After yesterday’s full day trip to the Argentinian side of the waterfalls, we had slow and long morning. Managed to take a bus at 10:30am. The bus company is called Crucero Del Norte, the bus runs on a schedule from terminal omnibus in Puerto Iguazu and the ticket they sell at the till outside is to Cataratas for 80 pesos return journey. The bus is more comfortable than the Rio Uruguay bus to Argentinian side. They have set return journey times and you can see them while you are buying the ticket at their till. Those times are in Argentinian time! There is one hour time difference between Argentina and Brasil.
When the bus stops at Argentinian border before the bridge joining Argentina and Brasil, you need to get off the bus and get an Argentinian exit stamp to your passport. As you go through the immigration, the yellow bus waits at the exit for all passengers to get back in. Then it continues to the other side of the bridge to Brasil border.
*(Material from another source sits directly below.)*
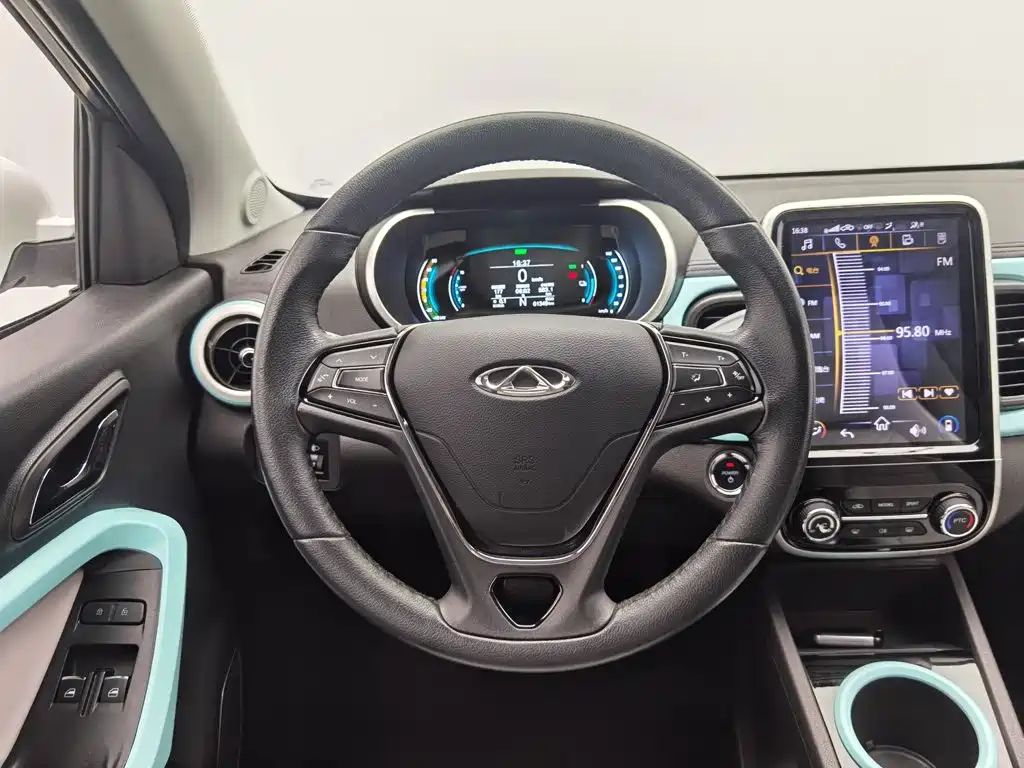 Chery QQ Little Ant — миниатюра 11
Here the bus stops and the driver spoke something in Spanish. Half of the passengers left the bus, half stayed, did not understand, or didn’t need to leave the bus. We asked someone if they can translate to us. Luckily someone could help us. If you are not Brazilian, you need to get off the bus to get Brasil entry stamp. Otherwise you wouldn’t be able to get back to Argentina. So make sure you get the stamp to your passport. At the immigration only asked if I’m going to see the cataratas. Then you get back on the bus and continue the journey to the waterfalls.
At the main entrance to iguazu park, you immediately see the difference to the Argentinian side. Much cleaner, a lot of employees to help you, good signs in English, automated kiosks to get the tickets and pay using payment card. Note that at the Argentinian side you can pay only in cash in pesos! Here at the Brazilian side pesos, reals, dollars, payment cards. The automated kiosk is excellent, English, easy, all types of payment card and there are no queues.
With the ticket, you get through the entry gate and get on a free tourist bus to get you to the trail. First two stops are for paid experiences, the third one is start of the trail. The trail is not long. The whole thing took us only maybe three hours including entry end exit. We caught rain for about 30 minutes around the busiest area at the devils throat ramp. Used a lift to another viewing platform and had small packed lunch, we prepared in our hotel, at food court. Here they don’t allow coati to get to people. In the Argentinian side they don’t care.
Back at the entrance we waited for our bus at the same place they dropped us off. I think the bus was at 14:50. Again, don’t forget to get exit Brazilian stamp and entry Argentinian stamp to your passport.
Back in Puerto Iguazu the usual thing - supermarket (280 pesos). And this evening also dinner in restaurant called Peruano. Paid 450 pesos, good value for what we got.